TASK OBJECTIVE: Of the lines below, write out exactly those from the line with "Crafts Art Projects" through the line with "Santiago Abascal, leader", both included, and skip the rest.

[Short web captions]
####

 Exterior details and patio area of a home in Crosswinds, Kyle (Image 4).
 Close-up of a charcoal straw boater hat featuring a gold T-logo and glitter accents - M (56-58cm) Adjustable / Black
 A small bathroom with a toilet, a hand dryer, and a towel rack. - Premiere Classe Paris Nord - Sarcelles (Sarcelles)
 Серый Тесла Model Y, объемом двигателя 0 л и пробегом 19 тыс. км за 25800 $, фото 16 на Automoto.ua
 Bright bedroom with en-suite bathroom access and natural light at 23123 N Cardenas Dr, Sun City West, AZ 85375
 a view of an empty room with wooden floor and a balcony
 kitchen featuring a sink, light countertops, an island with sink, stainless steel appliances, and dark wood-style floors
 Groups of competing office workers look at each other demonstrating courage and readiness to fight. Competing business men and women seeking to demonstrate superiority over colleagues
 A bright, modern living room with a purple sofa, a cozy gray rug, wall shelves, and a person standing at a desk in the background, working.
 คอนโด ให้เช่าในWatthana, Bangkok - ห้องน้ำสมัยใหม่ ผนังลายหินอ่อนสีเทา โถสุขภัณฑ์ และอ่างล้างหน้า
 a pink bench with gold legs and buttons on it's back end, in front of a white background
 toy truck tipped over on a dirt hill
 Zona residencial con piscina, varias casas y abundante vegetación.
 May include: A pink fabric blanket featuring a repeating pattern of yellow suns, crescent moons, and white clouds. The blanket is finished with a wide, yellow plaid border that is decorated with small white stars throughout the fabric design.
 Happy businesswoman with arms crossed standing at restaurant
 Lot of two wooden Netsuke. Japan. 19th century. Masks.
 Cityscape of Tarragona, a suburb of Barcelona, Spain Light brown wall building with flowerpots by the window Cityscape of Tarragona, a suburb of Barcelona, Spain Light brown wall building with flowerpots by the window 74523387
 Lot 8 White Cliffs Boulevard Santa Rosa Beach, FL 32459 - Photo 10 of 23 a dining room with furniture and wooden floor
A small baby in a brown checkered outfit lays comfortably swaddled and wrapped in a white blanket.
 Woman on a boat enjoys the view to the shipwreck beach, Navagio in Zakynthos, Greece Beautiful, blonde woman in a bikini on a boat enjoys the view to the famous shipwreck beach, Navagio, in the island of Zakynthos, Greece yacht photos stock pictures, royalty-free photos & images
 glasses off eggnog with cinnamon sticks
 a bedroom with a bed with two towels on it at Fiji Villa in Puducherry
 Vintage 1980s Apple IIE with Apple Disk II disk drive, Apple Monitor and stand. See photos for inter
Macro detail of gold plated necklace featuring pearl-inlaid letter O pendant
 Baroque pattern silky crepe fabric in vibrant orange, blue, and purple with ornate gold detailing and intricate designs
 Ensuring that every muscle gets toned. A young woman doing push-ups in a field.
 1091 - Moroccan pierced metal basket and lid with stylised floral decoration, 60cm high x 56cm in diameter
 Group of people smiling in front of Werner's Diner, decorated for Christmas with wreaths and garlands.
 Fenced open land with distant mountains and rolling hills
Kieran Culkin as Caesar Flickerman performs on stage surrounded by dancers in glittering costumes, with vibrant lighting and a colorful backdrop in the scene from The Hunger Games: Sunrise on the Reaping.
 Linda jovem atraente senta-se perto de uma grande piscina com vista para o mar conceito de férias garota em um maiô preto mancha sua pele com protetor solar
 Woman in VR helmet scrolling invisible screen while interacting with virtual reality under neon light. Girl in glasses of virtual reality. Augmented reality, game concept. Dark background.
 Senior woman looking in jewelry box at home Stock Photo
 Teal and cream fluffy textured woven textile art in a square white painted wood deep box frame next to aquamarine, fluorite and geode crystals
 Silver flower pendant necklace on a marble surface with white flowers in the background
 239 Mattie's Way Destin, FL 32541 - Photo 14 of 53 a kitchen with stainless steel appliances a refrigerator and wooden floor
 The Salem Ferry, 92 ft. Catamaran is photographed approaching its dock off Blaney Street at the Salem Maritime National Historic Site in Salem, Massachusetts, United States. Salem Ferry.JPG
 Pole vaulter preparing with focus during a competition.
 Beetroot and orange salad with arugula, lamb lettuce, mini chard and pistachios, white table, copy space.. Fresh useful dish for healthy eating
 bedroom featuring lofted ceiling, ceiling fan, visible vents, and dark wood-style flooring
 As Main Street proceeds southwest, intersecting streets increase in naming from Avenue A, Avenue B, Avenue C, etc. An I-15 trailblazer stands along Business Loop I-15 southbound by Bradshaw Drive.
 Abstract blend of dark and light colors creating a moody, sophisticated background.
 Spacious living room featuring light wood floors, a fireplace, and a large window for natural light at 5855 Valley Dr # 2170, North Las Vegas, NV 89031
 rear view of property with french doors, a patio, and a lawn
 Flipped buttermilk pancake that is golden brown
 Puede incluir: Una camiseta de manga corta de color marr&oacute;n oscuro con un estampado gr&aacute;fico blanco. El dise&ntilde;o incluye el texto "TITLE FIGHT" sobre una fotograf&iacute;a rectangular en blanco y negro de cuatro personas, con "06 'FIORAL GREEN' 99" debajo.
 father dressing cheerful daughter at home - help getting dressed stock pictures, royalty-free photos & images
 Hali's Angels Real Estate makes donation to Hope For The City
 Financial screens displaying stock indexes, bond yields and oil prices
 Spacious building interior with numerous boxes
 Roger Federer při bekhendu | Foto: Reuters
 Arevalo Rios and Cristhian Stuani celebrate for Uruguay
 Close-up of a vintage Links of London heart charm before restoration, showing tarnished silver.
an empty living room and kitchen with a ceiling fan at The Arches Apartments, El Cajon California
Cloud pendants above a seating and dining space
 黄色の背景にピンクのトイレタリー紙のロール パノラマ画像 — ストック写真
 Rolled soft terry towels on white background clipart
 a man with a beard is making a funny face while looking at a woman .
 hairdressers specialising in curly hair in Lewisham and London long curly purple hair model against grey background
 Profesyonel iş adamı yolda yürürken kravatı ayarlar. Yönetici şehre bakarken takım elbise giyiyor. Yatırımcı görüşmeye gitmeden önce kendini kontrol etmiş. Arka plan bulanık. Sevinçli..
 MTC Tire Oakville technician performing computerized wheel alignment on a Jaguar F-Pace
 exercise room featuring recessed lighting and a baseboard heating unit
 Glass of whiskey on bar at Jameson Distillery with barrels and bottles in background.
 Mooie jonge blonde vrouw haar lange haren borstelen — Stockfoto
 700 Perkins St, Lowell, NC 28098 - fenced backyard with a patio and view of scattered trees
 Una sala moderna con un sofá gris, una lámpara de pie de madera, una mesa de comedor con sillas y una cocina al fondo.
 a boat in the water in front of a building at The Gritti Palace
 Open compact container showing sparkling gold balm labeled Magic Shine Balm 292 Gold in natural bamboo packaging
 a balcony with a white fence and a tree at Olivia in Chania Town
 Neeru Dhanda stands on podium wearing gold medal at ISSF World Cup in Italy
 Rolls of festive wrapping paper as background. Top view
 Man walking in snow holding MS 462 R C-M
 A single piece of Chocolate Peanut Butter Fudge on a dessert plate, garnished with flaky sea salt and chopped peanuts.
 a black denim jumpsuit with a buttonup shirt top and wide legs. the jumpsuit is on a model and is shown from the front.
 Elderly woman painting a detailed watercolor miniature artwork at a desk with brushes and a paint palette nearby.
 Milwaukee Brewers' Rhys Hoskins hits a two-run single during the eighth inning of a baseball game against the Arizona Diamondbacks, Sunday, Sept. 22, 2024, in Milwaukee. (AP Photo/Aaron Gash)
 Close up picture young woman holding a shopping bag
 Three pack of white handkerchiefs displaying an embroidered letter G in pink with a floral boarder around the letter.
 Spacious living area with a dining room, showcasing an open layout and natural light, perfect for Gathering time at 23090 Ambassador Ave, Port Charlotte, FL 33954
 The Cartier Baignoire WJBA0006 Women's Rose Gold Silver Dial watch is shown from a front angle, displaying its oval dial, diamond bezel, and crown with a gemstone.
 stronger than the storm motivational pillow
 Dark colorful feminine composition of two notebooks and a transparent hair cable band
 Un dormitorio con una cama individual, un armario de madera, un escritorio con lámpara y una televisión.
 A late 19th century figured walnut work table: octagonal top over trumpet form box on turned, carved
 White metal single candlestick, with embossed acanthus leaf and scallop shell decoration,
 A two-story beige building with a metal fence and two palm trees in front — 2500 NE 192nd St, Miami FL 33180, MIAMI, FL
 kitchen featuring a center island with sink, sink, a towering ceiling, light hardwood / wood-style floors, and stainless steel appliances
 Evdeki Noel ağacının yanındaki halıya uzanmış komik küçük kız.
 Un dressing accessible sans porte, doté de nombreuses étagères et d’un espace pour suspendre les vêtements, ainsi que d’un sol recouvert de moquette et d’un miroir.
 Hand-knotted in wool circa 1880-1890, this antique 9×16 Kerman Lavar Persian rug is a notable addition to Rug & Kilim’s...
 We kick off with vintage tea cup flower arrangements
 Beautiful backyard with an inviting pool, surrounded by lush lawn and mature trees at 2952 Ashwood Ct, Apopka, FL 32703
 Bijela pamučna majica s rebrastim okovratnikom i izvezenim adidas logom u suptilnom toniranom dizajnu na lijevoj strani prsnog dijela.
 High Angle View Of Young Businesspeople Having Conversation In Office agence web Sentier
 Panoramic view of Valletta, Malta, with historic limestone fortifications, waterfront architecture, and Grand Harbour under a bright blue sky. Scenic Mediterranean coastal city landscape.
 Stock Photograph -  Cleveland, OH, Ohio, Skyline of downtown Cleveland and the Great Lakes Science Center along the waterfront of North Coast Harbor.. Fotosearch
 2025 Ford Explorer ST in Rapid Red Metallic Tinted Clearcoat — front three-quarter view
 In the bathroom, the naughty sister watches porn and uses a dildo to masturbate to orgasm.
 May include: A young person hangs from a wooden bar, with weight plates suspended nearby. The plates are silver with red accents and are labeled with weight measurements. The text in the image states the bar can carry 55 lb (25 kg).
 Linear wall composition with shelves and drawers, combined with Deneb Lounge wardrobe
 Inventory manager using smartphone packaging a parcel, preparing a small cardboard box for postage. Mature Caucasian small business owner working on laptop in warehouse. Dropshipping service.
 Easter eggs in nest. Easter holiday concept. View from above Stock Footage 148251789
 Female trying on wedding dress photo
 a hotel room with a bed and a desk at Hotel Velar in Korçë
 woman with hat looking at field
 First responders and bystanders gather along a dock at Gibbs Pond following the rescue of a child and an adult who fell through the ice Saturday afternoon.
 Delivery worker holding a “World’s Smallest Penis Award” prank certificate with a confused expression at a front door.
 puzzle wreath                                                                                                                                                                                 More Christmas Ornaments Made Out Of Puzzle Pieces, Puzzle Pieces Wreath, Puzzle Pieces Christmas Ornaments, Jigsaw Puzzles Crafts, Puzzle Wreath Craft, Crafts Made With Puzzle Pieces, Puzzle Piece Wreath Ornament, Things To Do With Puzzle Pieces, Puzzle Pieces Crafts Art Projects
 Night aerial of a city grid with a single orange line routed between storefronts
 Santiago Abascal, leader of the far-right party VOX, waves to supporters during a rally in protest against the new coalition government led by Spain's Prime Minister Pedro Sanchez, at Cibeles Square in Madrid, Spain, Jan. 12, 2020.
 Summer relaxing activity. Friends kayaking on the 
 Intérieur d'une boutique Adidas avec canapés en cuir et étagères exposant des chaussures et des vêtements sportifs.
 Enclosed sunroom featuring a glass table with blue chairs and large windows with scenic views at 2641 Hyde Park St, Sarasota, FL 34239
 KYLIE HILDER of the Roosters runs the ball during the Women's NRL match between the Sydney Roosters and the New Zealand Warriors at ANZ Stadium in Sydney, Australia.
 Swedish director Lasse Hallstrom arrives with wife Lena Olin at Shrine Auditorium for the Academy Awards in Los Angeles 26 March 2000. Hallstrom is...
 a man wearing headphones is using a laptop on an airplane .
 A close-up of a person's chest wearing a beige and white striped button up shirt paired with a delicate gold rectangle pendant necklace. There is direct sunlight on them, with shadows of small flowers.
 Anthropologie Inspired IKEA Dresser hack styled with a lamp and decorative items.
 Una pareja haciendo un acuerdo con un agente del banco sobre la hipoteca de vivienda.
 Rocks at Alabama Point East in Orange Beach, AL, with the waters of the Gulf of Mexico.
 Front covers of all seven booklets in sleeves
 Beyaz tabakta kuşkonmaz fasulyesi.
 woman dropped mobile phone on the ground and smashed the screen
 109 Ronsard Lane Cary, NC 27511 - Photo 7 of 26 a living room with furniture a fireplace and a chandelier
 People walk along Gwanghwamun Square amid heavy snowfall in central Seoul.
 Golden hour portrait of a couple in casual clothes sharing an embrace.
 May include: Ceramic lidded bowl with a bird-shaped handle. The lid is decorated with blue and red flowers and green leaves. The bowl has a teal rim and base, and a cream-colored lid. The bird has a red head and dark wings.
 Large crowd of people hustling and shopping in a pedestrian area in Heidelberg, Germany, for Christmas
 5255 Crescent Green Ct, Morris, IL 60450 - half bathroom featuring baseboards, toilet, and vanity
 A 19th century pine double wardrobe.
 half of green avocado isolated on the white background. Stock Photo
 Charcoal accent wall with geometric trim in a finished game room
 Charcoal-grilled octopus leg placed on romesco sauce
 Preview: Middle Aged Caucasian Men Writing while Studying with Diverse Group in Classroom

####

ANSWER FOR THE TASK:
 puzzle wreath                                                                                                                                                                                 More Christmas Ornaments Made Out Of Puzzle Pieces, Puzzle Pieces Wreath, Puzzle Pieces Christmas Ornaments, Jigsaw Puzzles Crafts, Puzzle Wreath Craft, Crafts Made With Puzzle Pieces, Puzzle Piece Wreath Ornament, Things To Do With Puzzle Pieces, Puzzle Pieces Crafts Art Projects
 Night aerial of a city grid with a single orange line routed between storefronts
 Santiago Abascal, leader of the far-right party VOX, waves to supporters during a rally in protest against the new coalition government led by Spain's Prime Minister Pedro Sanchez, at Cibeles Square in Madrid, Spain, Jan. 12, 2020.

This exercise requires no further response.